Esta é uma das sentenças mais famosas da história da filosofia. Mas é também uma das mais mal compreendidas, quer pelos otimistas quer pelos pessimistas antropológicos, e das mais controversas. Facilita, seguramente, a entrada na filosofia de Thomas Hobbes (1588-1679), mas por uma porta lateral que afunila o processo hermenêutico, reduz, quase até à caricatura, o leque das interpretações possíveis sobre o seu pensamento de base contratualista.

Diga-se que a fórmula não foi inventada por Hobbes. Trata-se de uma daquelas locuções em latim que são transmitidas e comentadas entre autores ao longo da história, de Plauto a Bergson, passando por Rabelais, Montaigne, Schopenhauer... e Hobbes. Ele é somente um dos elos da longa cadeia formada por quem julga, ou não, que «o homem é um lobo para o homem» («Homo homini lupus est»).
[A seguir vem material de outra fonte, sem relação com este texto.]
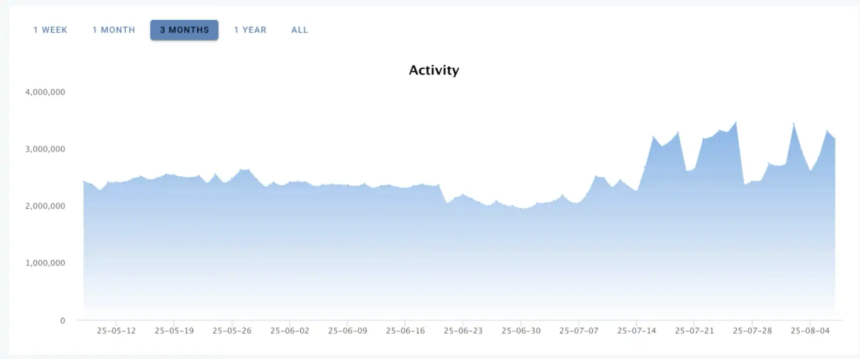 EOS 焕新 Vaulta，从 ETH 杀手至 Web3 银行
A expressão não está no Leviatã (1651), a sua obra mais famosa e importante, serve de epígrafe a De Cive (Do Cidadão), publicada em 1642. Após ter evocado as Guerras civis romanas, escreve: «Não há dúvida de que ambas as fórmulas são verdadeiras: o homem é um deus para o homem e o homem é um lobo para o homem. O primeiro se compararmos os cidadãos uns aos outros, o segundo se compararmos os estados uns aos outros. Naquele, o homem consegue imitar Deus na justiça e na caridade, as virtudes da paz. Neste, mesmo os homens bons devem, devido à depravação dos ímpios e à necessidade de proteger-se, recorrer às virtudes bélicas, à força e à astúcia, ou seja, à rapacidade dos animais.»

Esta ambivalência é muitas vezes esquecida, algo que nem De Cive nem o Leviatã autorizam. Mas a simplificação tendenciosa elucida-nos sobre duas coisas: 1- preferimos o drama da acusação radical e sem remissão (Hobbes como teorizador das ditaduras que esmagam a liberdade individual porque não acreditarem na bondade humana, perdendo, por isso, quase sempre a contenda com o otimista antropológico que foi Rousseau — mais uma simplificação); 2- há séculos que mantemos viva uma pulsão acusatória intraespecista que alimenta e justifica o ódio e a vingança da economia relacional humana, a agressão interpressoal.

Todos os movimentos peace and love da história, de Cristo a Mahatma Gandhi, passando pela embriaguez hippie ou alguns prémios Nobel da Paz, são, pelo destaque que merecem e a rapidez do esquecimento, epifenómenos que conjuram unicamente uma pequena parcela da má consciência (também eu peco!) que diariamente tecemos. As estrelas dançantes, vivendo em perene jovialidade, são seres raros e distantes, talvez Sísifos brincando com berlindes, fora de alcance para o nosso desejo de emulação. Estarão «6000 mil pés acima do mar e muito mais acima de todas as coisas humanas!»[1] Aqui em baixo, continuamos desconfiados e acusadores.


[1] Friedrich Nietzsche, Fragmento Póstumo de 1881, 11[141]; KSA 9, 494. (6000 Fuss über dem Meere und viel höher über Allen menschlichen Dingen!).